Hockey

Fleury tell-all book chronicles sexual abuse

Former NHL great Theoren Fleury is set to release a book next week that reveals he was sexually abused by junior hockey coach Graham James in the 1980s.

Playing with Fire delves into the retired hockey star's troubled past

Former NHL great Theoren Fleury is set to release a book next week that reveals he was sexually abused by junior hockey coach Graham James in the 1980s.

The new tell-all book, Playing with Fire, by the former Calgary Flames captain is to be released Wednesday. It delves into the 41-year-old retired hockey player's past.

The Stanley Cup and Olympic gold-medal winner's problems with drinking, drugs and gambling were common knowledge, but his confessions of sexual abuse — alleged to have started in the summer of 1982, when James took Fleury and other boys on a trip to Disneyland, and to have continued for two years — is a new revelation.

The two met in the summer of 1981 when James was an instructor at a hockey school in Brandon, Man., when Fleury was 13.

Two years later, James drafted Fleury to play with a midget team in Winnipeg he coached. In the book, Fleury tells of how James insisted he sleep at his house two nights a week over a two-year period that included the player's rookie season in 1984 with Moose Jaw of the Western Hockey League.

Fleury told CBC's The Fifth Estate, in an interview to air on Oct. 16, that he doesn't want to become the poster boy for abuse by James, but spoke out so others with similar stories would feel comfortable coming forward.

Fleury speaks out

The Fifth Estate's  Bob McKeown will air a one-hour interview on CBC-TV with Theoren Fleury on Oct. 16.

"You try to understand, you know, what's going on but you know, you're so afraid, you know. You're so afraid that, you know, if I tell somebody what's going to happen to my hockey career, you know what I mean," Fleury said.

"Because I was so focused on, on you know, getting out of Russell [Manitoba], you know. I was so focused on that that I was probably willing to do whatever it took to, you know, to make it.

"And ah yeah, it was a scary time, scary time. And you know, very confused about the whole situation," Fleury said.

Father had suspicions

Wally Fleury, the former player's father, told CBC News he suspected something was wrong with his son, and that the boy was struggling with drug and alcohol abuse, but he never knew why.

"He never mentioned anything about Graham James, but through Sheldon Kennedy, we knew he had to be involved too," said Wally Fleury, who still lives in Russell.
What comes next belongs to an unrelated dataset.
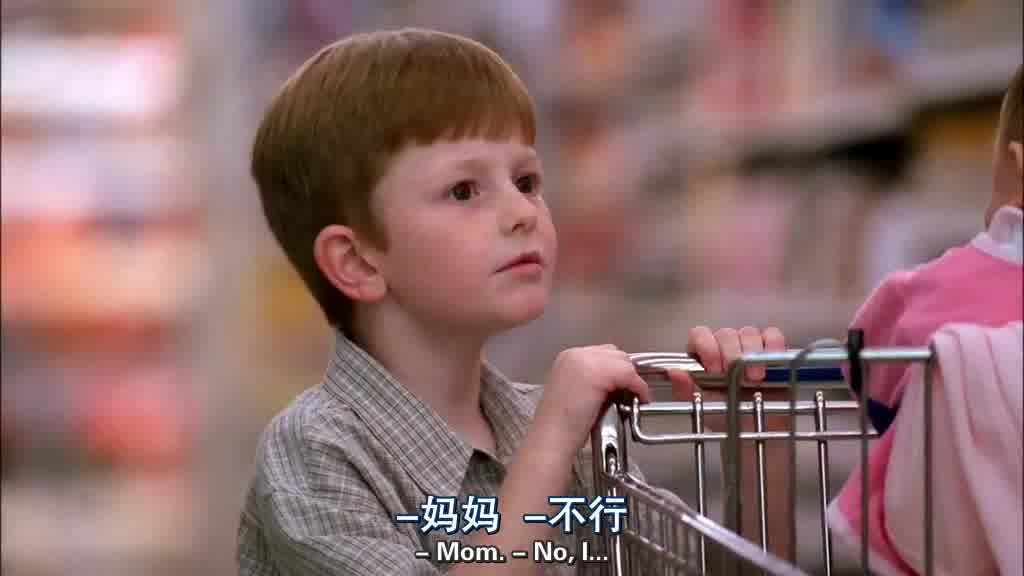 He pushes the cart out of the aisle, looking around, trying to find the twins.jpg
James received a 3½-year prison sentence in 1997 after pleading guilty to sexually abusing two players — former National Hockey League forward Sheldon Kennedy and another, unnamed plaintiff.

Fleury, who played 16 seasons in the NHL with the Colorado Avalanche, New York Rangers, Chicago Blackhawks and Flames, will tell his story on CBC Television's The Hour on Thursday.